Another way of using multiprocessing is to deploy multiple instance of the process behind a loadbalancer and forward the requests to the instances. This is a common approach when dealing with web applications, and when then need to scale up and down quickly is desired. There are many ways to do this including the usage of managed services such as AWS Elastic beanstalks, or kubernetes clusters. With this method of multiprocessing you can combine it with multi threading to get the benefits from both methodologies.

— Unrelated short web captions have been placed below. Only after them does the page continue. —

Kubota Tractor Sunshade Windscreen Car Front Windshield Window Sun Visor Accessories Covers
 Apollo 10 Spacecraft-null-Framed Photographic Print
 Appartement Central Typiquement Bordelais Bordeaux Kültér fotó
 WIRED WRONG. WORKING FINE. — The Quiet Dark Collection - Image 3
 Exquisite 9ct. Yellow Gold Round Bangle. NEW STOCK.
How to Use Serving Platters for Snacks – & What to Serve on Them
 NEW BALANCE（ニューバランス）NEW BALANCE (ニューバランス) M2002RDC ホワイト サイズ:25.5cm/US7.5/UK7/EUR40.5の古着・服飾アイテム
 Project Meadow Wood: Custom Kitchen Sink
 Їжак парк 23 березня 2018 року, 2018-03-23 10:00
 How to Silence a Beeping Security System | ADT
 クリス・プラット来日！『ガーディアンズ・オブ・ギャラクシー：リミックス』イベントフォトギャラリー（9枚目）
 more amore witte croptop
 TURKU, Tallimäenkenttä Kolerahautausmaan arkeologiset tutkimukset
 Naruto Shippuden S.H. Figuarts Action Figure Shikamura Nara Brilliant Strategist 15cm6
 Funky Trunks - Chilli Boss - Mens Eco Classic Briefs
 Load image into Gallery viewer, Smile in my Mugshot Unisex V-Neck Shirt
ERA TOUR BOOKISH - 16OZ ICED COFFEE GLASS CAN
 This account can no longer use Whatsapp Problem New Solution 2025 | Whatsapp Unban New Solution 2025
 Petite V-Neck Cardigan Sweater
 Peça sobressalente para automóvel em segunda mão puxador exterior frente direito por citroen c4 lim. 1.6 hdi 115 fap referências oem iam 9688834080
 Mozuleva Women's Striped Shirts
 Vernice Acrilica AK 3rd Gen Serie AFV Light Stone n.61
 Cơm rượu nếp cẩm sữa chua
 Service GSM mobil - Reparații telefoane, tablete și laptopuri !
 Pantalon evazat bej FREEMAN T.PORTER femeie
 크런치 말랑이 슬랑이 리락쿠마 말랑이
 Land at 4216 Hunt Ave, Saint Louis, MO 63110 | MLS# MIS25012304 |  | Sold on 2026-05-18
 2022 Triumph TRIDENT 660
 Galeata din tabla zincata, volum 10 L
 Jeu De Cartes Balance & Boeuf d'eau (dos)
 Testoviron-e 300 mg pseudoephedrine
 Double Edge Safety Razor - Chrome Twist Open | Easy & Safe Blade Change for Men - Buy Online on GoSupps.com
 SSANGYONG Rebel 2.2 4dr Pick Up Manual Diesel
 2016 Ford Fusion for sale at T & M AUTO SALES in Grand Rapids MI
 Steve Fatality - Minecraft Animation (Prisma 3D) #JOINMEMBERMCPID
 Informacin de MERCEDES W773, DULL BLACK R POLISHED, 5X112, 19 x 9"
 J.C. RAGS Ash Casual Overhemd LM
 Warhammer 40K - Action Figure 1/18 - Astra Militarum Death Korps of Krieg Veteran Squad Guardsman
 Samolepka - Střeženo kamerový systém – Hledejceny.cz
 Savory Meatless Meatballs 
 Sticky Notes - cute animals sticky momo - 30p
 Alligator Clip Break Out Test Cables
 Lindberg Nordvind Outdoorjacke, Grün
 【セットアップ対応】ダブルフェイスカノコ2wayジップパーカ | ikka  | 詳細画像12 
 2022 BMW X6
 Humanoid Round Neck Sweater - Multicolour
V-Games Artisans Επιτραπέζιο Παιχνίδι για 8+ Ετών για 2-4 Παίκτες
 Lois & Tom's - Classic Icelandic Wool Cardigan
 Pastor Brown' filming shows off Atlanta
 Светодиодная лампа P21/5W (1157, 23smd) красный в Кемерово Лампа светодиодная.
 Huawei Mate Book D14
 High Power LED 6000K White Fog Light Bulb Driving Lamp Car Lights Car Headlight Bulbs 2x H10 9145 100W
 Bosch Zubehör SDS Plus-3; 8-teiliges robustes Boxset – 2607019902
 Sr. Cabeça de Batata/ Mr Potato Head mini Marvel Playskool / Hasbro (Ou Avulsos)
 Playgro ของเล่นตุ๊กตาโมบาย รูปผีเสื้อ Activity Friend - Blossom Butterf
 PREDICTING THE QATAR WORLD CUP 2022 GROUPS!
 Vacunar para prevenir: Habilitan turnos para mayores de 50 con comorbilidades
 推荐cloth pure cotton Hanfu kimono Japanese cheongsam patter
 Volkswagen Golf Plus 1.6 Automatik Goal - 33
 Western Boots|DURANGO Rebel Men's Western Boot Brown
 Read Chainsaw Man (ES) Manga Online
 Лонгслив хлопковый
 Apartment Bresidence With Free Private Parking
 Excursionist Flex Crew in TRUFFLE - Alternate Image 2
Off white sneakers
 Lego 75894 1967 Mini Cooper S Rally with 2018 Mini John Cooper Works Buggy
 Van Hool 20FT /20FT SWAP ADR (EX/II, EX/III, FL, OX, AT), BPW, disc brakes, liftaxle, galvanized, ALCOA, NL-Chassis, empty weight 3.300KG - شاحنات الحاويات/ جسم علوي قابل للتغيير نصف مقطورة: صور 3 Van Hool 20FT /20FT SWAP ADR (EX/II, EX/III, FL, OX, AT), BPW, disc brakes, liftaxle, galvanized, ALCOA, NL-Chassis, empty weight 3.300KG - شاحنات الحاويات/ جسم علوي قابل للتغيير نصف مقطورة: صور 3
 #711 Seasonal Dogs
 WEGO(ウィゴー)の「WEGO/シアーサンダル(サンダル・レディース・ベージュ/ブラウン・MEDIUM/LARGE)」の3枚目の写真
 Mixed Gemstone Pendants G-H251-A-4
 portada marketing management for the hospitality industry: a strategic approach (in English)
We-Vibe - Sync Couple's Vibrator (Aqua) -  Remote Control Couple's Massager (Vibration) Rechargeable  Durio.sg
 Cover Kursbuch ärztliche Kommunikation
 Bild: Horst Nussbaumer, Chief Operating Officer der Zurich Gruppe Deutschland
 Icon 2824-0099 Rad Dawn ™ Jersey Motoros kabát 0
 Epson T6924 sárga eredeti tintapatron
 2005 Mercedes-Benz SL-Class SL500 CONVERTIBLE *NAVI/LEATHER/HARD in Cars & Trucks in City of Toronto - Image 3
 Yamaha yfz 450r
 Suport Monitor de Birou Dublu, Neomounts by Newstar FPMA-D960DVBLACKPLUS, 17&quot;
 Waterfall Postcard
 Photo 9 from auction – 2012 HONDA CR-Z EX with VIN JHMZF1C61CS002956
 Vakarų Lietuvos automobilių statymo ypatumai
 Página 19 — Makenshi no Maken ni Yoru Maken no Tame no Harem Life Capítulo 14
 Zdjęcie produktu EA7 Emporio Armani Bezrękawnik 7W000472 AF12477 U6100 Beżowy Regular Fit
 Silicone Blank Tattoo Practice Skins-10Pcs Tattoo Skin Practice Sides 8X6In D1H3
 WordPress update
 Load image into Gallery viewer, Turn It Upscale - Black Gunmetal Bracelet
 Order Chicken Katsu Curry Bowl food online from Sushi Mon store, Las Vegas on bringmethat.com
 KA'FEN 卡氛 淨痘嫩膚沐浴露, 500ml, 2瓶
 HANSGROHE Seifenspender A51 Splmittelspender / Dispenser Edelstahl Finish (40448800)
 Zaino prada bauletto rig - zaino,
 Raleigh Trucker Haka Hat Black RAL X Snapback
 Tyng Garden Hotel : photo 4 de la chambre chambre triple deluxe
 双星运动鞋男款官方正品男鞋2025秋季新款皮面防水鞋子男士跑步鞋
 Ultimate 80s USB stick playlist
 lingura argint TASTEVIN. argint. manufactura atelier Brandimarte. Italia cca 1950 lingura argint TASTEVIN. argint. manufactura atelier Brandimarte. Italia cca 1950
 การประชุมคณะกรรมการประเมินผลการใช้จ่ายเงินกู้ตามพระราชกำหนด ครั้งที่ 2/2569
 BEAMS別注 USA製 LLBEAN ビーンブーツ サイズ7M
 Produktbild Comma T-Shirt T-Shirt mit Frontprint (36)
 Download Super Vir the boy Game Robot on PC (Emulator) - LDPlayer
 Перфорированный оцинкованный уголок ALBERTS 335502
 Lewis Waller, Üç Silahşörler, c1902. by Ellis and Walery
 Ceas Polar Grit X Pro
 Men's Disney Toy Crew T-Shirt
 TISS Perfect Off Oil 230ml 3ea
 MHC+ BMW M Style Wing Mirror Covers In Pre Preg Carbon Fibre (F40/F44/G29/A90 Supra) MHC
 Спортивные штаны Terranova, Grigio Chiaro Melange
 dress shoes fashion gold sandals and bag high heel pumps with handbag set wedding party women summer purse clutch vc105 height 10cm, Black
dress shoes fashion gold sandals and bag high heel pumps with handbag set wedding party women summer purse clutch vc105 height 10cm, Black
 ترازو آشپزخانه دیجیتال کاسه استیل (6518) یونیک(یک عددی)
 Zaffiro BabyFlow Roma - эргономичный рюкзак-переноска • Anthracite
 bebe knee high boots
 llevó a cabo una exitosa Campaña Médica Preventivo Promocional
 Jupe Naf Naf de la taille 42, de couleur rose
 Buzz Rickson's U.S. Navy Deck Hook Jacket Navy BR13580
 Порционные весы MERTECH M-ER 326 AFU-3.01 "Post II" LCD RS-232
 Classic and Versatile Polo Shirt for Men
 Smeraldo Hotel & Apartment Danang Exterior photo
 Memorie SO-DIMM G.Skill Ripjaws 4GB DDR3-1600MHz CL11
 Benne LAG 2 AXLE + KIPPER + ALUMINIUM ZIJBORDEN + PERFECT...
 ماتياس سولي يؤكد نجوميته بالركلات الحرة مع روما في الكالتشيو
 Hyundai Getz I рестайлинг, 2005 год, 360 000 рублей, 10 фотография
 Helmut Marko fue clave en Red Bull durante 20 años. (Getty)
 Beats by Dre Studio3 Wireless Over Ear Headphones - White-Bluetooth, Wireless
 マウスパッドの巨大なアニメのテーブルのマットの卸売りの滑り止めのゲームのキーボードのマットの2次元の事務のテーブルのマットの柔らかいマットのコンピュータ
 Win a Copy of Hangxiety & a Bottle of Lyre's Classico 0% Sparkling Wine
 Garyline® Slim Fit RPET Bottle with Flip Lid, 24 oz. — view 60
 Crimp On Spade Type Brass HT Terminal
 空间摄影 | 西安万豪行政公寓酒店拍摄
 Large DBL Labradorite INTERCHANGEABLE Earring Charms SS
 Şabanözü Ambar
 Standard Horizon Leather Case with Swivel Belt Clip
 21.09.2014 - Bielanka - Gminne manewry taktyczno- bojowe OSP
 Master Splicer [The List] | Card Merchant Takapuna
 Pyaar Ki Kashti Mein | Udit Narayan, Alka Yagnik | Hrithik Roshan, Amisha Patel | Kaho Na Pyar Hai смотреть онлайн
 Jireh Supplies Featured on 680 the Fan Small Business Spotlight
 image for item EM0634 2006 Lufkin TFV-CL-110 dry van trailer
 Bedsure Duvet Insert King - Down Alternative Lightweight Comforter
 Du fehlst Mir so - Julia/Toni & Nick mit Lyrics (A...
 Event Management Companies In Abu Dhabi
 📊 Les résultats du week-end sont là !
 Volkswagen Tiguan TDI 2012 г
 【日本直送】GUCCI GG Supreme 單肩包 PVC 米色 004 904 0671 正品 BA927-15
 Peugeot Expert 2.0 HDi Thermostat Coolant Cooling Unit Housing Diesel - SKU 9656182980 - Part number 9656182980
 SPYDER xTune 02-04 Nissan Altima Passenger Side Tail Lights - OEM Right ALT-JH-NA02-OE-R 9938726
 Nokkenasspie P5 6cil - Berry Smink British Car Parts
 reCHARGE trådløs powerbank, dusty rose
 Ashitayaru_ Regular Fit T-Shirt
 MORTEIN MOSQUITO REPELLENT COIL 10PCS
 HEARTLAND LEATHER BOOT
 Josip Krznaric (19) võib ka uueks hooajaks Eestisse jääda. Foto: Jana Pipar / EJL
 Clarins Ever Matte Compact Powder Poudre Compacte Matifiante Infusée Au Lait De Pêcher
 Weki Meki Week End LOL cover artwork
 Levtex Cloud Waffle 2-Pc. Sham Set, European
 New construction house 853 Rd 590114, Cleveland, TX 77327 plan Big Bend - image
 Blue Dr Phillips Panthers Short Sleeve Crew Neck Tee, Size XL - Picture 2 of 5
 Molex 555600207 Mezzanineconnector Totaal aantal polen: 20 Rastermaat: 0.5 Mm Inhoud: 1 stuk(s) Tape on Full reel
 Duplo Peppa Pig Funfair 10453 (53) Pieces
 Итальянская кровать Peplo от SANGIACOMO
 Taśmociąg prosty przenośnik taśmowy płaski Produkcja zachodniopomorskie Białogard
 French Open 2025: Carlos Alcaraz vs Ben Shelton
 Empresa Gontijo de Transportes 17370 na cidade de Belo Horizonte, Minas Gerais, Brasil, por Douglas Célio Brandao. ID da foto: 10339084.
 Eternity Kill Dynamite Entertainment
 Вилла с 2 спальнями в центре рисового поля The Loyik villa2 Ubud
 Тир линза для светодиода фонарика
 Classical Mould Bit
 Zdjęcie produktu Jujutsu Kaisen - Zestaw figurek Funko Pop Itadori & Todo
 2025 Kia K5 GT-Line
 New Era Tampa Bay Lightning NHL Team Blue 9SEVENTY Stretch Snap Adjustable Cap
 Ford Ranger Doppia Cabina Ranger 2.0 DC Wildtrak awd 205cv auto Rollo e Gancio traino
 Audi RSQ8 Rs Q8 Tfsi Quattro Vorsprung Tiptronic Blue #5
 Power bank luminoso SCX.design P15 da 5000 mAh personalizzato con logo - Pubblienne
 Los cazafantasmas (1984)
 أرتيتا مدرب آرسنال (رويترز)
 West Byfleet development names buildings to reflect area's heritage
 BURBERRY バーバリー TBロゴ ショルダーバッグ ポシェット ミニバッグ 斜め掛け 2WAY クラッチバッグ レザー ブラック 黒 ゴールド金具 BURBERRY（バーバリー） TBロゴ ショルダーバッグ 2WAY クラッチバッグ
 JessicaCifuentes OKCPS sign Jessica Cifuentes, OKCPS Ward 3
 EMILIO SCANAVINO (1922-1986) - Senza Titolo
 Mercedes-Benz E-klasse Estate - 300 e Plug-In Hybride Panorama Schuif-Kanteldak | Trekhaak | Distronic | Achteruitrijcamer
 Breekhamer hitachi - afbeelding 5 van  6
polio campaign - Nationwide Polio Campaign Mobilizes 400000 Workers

- Multiprocessing allows for isolation of memory and resources – reducing the risk of bad requests affecting other processes
- Multiprocessing removes the overhead and complexity of the thread schedulers
- Multithreading allows for blocking operations to be waited on without blocking the whole application
- Multithreading allows for shared resources between threads reducing the overhead of the process as a whole
There are advantage to both multithreading and multiprocessing, in both cases they can be used to improve the performance and reliability of applications. There are many things to consider when choosing what is the best for the application, such as:
- the number of threads or cores that are available – if there are 8 threads running but there is only the ability to run 4 threads at a time, there is the possibility for the CPU to be over committed resulting in the thread schedulares having to context switch the threads too much to see a benefit from the increased number of threads.
- the duration and number of tasks – if the duration and throughput of the tasks exceeds the number of executors available then there can be an increases in the number of queued operations leading to the inability to ever complete the operations.
- locking and synchronizers – in mulithreaded systems the incorrect usage of locks and synchronizers can lead to a deadlock where the system is unable to recover without a restart
- concurrency errors – related to incorrect usage of locks, it is possible to corrupt data shared between threads leading to situations where the wrong data is used. That can be very difficult to debug with out the correct tools
Ultimately there is not a better way, each approach has advantages and disadvantages and will depend on the workload of the application as to which approach is best. As a quick guide; Multithreading is good when dealing with remote systems, as there is no need to block the entire process while it waits for native operations (such as IO). Multiprocessing is good when dealing with know quick operations that do not need external systems, or tasks that need to execute various operations in a specific order without sharing data with other executors.